Urban Miners started selling second-hand computers and phones last year as part of their mission to repair, repurpose and recycle e-waste in Waipā. Volunteer Alan van Niekerk talks about the unprecedented demand for these refurbished goods and how the work that Urban Miners do meshes with his own values.

Not long after Urban Miners started collecting e-waste in Waipā, they realised that many of the laptops, computers and cell phones handed in for recycling were still in working order and could potentially be used for several more years.

As the pile of these devices grew, Urban Miners decided to see if there was any interest from the community in buying these items once they had been refurbished by a team of inhouse experts.

Volunteer Alan van Niekerk, who champions the Urban Miners market stall, says “We weren’t sure how it was going to go or whether there’d be a market for second-hand electronic equipment.”

Initial doubts were quickly dispelled as people turned up in droves to support the stall, including parents wanting affordable laptops for their school kids, older folk looking for smaller devices, or farmers after a second laptop for the milking shed.

Alan comments “I think it’s brilliant because it means that you get another 3 or 4 years out of them [electronic devices] and stop them from going to landfill.”

After a successful debut at the Tamahere Market in 2022, Urban Miners shifted the stall to the Cambridge Lions Market this year to be closer to home.

According to Alan the move has been a revelation. “I mean the first day it was miserable weather. That was one of the better days ever for us, and the second day was exceptional. We sold everything, all the laptops, and people kept on coming!”

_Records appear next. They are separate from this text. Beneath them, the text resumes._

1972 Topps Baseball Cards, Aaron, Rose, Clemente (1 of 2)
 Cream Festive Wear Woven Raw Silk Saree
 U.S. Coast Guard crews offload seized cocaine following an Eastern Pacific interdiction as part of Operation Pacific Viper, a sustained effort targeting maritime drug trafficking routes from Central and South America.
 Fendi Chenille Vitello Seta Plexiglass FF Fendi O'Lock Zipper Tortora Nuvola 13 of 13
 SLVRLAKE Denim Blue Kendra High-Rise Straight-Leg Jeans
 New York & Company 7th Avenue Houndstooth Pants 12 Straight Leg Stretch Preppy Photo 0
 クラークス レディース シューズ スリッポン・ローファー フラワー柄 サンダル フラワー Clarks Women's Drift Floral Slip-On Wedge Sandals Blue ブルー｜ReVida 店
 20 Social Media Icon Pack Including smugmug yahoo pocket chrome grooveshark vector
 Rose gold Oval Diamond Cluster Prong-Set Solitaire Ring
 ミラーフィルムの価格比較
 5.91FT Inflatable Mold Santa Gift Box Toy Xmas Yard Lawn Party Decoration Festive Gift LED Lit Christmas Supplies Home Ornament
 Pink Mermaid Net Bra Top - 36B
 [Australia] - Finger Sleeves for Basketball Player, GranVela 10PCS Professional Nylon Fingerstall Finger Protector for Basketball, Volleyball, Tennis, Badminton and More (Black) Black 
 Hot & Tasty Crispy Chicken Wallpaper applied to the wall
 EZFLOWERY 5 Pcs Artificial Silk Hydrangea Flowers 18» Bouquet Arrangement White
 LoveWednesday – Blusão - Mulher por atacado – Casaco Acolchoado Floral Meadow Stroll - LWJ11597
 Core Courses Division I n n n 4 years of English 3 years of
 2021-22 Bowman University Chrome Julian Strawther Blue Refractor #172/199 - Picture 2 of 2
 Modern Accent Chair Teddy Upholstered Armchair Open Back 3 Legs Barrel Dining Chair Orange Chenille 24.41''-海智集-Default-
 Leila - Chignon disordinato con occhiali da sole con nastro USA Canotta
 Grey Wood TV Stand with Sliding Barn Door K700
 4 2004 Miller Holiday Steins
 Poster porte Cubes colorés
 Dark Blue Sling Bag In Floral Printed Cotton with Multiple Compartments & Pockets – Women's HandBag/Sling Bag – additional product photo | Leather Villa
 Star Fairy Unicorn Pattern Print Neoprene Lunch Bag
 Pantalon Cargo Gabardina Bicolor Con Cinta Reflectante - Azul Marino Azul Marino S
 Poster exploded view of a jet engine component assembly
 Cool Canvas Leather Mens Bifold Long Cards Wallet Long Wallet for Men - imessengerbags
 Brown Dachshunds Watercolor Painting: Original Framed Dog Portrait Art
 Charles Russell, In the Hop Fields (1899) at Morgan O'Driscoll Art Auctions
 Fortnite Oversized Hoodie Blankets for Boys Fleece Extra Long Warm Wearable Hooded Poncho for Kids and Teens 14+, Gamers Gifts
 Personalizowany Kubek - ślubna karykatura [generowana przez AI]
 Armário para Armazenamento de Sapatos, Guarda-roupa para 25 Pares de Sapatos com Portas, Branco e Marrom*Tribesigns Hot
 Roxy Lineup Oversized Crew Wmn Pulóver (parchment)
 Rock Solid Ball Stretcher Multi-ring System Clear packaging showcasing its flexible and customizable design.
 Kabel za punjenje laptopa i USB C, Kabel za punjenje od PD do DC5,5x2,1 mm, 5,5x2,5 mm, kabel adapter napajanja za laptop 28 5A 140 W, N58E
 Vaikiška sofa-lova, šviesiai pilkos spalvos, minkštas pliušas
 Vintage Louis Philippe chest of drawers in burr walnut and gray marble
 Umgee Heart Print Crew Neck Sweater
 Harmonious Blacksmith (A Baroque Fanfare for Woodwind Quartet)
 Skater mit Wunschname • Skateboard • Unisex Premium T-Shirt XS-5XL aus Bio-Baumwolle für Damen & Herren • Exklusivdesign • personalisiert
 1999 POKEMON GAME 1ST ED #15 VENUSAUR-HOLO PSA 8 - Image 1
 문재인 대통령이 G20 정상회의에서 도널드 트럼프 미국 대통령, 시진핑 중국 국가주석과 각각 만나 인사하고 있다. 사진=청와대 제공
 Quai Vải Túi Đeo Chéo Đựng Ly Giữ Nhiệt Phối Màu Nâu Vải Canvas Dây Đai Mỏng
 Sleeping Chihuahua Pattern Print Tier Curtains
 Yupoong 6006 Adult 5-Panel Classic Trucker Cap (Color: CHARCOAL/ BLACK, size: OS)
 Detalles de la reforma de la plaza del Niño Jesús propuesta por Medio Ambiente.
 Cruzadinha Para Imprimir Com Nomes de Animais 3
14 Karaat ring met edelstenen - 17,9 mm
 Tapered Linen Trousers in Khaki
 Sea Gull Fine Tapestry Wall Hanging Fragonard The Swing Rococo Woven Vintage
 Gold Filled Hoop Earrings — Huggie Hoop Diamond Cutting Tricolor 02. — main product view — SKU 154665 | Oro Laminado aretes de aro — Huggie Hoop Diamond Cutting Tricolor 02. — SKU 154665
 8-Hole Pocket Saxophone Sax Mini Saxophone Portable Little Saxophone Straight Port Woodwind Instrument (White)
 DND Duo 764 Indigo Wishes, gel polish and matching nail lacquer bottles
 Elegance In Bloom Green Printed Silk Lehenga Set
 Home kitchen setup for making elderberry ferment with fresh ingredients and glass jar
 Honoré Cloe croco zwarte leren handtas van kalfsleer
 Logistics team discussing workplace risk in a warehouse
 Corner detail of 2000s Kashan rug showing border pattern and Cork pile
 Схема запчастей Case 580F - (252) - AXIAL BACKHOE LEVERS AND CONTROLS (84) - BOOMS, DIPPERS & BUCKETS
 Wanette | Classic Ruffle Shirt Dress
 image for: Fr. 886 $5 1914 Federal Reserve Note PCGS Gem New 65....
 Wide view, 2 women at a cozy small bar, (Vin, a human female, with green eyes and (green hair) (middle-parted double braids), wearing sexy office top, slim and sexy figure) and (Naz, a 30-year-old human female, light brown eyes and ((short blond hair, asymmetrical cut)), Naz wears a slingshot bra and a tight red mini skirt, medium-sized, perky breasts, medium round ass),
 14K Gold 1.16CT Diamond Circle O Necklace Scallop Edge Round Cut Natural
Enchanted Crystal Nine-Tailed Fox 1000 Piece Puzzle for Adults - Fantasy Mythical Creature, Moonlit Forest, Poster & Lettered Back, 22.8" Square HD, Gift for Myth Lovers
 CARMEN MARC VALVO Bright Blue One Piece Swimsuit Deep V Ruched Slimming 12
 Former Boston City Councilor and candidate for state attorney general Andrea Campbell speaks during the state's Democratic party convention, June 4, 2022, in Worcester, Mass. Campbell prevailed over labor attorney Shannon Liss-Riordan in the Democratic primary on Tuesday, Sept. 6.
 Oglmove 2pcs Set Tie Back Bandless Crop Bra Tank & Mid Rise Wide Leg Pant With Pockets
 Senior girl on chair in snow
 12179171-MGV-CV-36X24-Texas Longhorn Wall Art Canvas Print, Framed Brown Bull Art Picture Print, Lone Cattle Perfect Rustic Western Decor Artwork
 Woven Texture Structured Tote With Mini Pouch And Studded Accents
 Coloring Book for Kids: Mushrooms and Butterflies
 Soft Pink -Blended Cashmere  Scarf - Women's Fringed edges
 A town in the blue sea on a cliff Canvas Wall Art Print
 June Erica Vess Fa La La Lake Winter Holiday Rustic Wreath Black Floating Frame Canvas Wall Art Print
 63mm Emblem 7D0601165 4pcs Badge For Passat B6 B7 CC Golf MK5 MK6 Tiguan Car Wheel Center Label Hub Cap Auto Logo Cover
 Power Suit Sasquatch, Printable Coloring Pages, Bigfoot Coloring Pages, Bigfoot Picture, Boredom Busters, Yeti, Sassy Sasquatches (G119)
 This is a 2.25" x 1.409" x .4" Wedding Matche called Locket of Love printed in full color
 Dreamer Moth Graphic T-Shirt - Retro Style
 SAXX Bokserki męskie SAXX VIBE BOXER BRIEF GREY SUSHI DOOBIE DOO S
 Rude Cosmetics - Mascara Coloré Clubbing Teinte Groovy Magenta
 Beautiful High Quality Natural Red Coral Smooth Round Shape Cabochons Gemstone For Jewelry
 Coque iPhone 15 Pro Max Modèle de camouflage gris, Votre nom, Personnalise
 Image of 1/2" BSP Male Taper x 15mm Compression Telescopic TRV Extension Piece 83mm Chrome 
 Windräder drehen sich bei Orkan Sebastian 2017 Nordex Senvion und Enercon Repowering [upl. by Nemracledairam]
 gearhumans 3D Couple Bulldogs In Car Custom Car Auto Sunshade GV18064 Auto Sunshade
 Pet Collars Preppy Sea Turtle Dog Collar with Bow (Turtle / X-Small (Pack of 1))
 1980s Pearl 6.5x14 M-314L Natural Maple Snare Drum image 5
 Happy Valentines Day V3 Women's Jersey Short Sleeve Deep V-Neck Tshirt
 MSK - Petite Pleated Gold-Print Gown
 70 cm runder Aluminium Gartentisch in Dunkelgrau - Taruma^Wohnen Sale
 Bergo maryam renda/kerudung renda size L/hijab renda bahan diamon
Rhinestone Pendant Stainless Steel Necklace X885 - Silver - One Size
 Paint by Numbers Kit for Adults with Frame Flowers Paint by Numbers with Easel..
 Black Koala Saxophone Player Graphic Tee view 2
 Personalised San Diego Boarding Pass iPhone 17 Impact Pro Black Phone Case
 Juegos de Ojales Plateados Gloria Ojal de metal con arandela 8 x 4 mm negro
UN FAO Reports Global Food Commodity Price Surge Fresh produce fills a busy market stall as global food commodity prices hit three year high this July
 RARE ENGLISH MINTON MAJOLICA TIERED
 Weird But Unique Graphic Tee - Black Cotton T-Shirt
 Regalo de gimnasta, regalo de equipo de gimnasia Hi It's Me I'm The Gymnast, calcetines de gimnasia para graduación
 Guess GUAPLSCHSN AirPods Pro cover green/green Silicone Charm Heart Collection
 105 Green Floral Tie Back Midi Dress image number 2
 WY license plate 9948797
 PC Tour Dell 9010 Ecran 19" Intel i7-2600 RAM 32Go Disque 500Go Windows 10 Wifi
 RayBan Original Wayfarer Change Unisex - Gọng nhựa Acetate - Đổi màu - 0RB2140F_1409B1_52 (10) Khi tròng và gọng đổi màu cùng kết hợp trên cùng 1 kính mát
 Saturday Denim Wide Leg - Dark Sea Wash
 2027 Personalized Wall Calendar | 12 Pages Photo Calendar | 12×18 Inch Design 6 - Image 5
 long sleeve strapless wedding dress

The stall has also made Urban Miners more visible in the community and raised awareness about recycling e-waste.

“That’s one of the other benefits of the market really, is the amount of people saying they had no idea what we were doing” says Alan. Yet after visiting the stall, people have gone away and thought about it and started recycling their e-waste with Urban Miners.

Alan, originally from South Africa, works as a business unit manager for a global construction company. When he first heard about the voluntary work that Urban Miners was doing, it instantly appealed to him.

“First of all for the hands-on approach, which is physical collecting and processing and breaking down [of e-waste], and that to me makes sense. It’s a world I understand, but it’s also doing something to give back to the community and this country that has been very good to me.”

“Construction can be a dirty business and one that doesn’t necessarily preserve environments. It’s all about development and improving things for mankind but not necessarily for the future of our children. So this felt right to me. It was a way of making a contribution.”

Like many other corporations, Alan’s employer is starting to recognise the importance of sustainability and now require company laptops to be used for a minimum of 6 rather than 4 years.

“To produce one laptop, it takes 400 tonnes of material which has to be dug out of the ground, processed and which generates all sorts of waste and pollution. It’s insane! So that’s a big difference if they get another 50% of life out of each device they’re using. And I’m sharing what’s happening with Urban Miners with my company and they’re loving it!”


“To produce one laptop, it takes 400 tonnes of material which has to be dug out of the ground, processed and which generates all sorts of waste and pollution. It’s insane!”